February 14, 2025
Anthony Karl Kurucz was convicted of manslaughter in the death of his three-month old son almost six years ago.

Legal landscape surrounding cases of shaken babies may have to be updated

Parenting can be terribly frustrating but that doesn’t justify such conduct and maybe, in the future, will result in murder convictions

It should be painfully clear to almost every Canadian parent that the best way to quiet a crying baby is not to violently shake the child until it stops breathing.

But Anthony Karl Kurucz isn’t “almost every Canadian.”

Kurucz was convicted of manslaughter this week in the death of his three-month-old son almost six years ago.

Justice Glen Poelman found Kurucz didn’t intend the deadly consequences of his actions with little Jayden Cyluck Kurucz the afternoon of April 24, 2018, and acquitted him of the more serious charge he faced of second-degree murder.

Kurucz admitted to an undercover police officer during a so-called Mr.
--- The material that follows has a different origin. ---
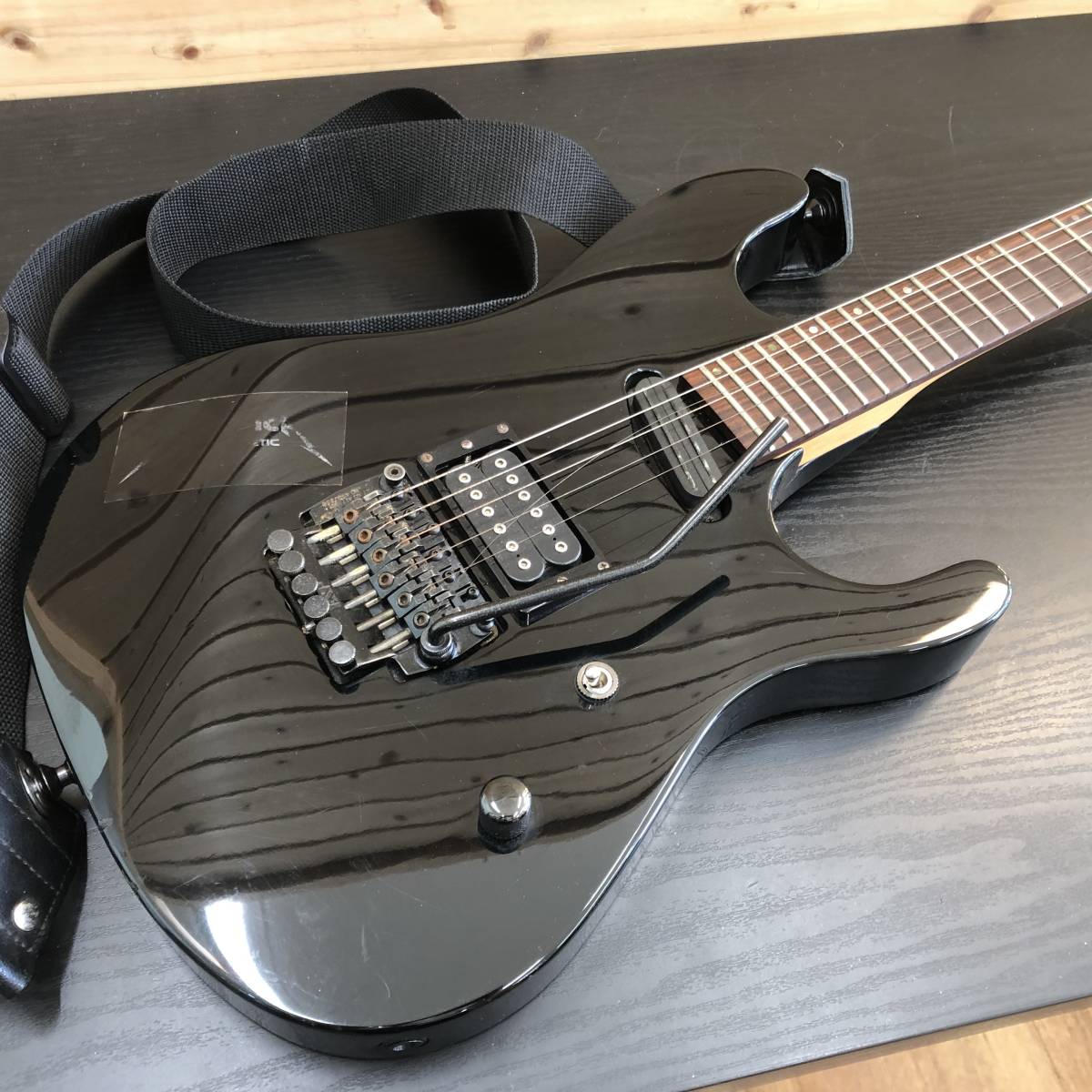 【10000円スタート】ESP イーエスピー Maverick マーヴェリック エレキギター ブラック ソフトケース付 楽器 器材 音出し確認済_画像4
Big operation that he was frustrated with the child and shook him to quiet him down and also tossed him onto a couch.

In final arguments in January, defence counsel Darren Mahoney suggested if Poelman was to conclude the confession was reliable it would amount to a case of shaken baby syndrome which historically led to manslaughter convictions.

Mahoney said convicting Kurucz of murder would have changed the “legal landscape” established in such cases.

But in 2024, it’s probably time to change that landscape, at least in most cases.